Poem -Space Cake, Amsterdam – Yuyutsu Sharma

“Don’t panic,” they said, 

remain cool like your Krishna, 

meditate maybe like Buddha, 

uttering ‘Om Mani Padme,’ jewel in the lotus, 

or lie down and relax 

like Vishnu on the python-bed 

to float on the ocean’s currents, 

buoyant on the invisible thread 

of your breath in slow motion… 
Millions of cats prowled around me. 

Smoke from shared sex 

and hashish joints stung my eyes. 

Unsettling tongue 

of an awkward fire fed my stomach. 

I skidded queasily towards 

towards the formidable edge, 

unknown ominous frontiers of human life… 
They laughed a secret laugh 

behind my back – “Isn’t it crazy that 

this man from Kathmandu should get stoned 

from a piece of space cake in Amsterdam?” 
“Don’t be serious, laugh, 

celebrate the flame of life!” a woman’s voice said. 

“Hold my hand; I can imagine 

you are alone on this trail. 

I’v been there once,” she whispered. 

Her tongue curled like a dry leaf in my ear 

and crackled “How much did you take, 

just a piece? I took thirty-eight grams once, 

It can be crazy if you don’t know it’s coming. 

Just don’t worry too much. 

Don’t lose your control over things. 

You can kiss me if you like, 

You can pat my back, 

tickle my belly or stroke my breasts 

for a while, if it comforts you. 

Sometimes it can be heavenly, 

this licking the rim of the forbidden frontiers of human life. 
“That’s what he wants, that’s exactly 

what he’s looking for,” a voice leered far off. 

“But I have to go ultimately, 

I’ve a man waiting at home for me.” 
“Maybe read a poem of yours,” 

someone said. My heart raced wild 

and I heard some-girls gossip in the next room— 

What if he gets sick in Europe? 

Don’t we get sick in Asia? 

“Just take it easy,” another voice echoed 

“You won’t go psychotic. Remember one thing, 

whatever happens, you can always make a comeback.”

Faces of my dear ones veered past my face. 

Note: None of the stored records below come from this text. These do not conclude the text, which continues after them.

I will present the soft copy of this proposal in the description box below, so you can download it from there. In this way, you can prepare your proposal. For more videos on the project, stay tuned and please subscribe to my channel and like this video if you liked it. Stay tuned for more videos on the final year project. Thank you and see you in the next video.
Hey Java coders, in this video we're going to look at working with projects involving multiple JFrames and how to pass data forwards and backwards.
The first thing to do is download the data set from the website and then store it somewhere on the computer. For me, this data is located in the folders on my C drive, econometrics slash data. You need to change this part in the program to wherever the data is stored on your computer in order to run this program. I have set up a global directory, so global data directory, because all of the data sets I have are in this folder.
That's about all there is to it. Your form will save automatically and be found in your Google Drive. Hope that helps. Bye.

I felt delicate thread of my life 

slipping through my fingers 

“Hey man, it’s fine. Don’t worry too much.” 

My host shouted. “Drink lots of water.” 

Drink black tea or coffee,” a guest suggested. 

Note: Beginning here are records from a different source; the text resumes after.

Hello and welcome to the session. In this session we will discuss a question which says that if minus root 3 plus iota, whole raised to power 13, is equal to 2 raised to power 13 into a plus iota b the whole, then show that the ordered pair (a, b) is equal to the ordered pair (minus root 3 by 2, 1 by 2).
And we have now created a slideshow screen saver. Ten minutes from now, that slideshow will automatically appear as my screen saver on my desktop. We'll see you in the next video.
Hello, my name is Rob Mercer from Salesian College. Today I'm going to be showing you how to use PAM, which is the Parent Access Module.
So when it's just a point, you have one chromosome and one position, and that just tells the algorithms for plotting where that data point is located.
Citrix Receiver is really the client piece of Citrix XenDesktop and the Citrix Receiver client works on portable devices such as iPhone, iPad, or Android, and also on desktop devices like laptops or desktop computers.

“Or take lots of orange juice.” 

“Maybe sing your favorite song,” a woman said. 

“Or recite one of your Hindu mantras.” 

“Maybe stick your finger into your throat” 

another voice came sheepishly, “And throw up. 

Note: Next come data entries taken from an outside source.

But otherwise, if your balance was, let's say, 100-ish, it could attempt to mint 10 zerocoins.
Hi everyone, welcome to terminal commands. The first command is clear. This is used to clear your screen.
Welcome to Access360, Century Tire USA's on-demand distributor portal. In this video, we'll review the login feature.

You probably haven’t digested everything yet.” 
Questions came like wind slaps. 

“Can you tell me what they call boredom 

in your mother tongue? Do you remember 

your email account and password? 

Discuss your children, if you have any. 

Shall I bring my little daughter before you? 

Maybe you’d feel better then, 

seeing her brilliant eyes.” 
I imagined a child’s face and clung to it, 

like a penitent would hold onto 

a sacred cow’s tail in his afterlife, 

and slept on it, all through the river of blood… 
Hours passed by 

and then I heard someone say— 

What if he had freaked out? 

What if Death had stalked our house tonight? 
Hearing these words, I woke up 

knowing I’d come back, stepped on 

the familiar shores of life 

where Death’s feared, a distant distrustful thing. 

My drowse burst like a glacial that cracks 

from rumble of a seed of fire 

that explodes somewhere in earth’s deep sleep.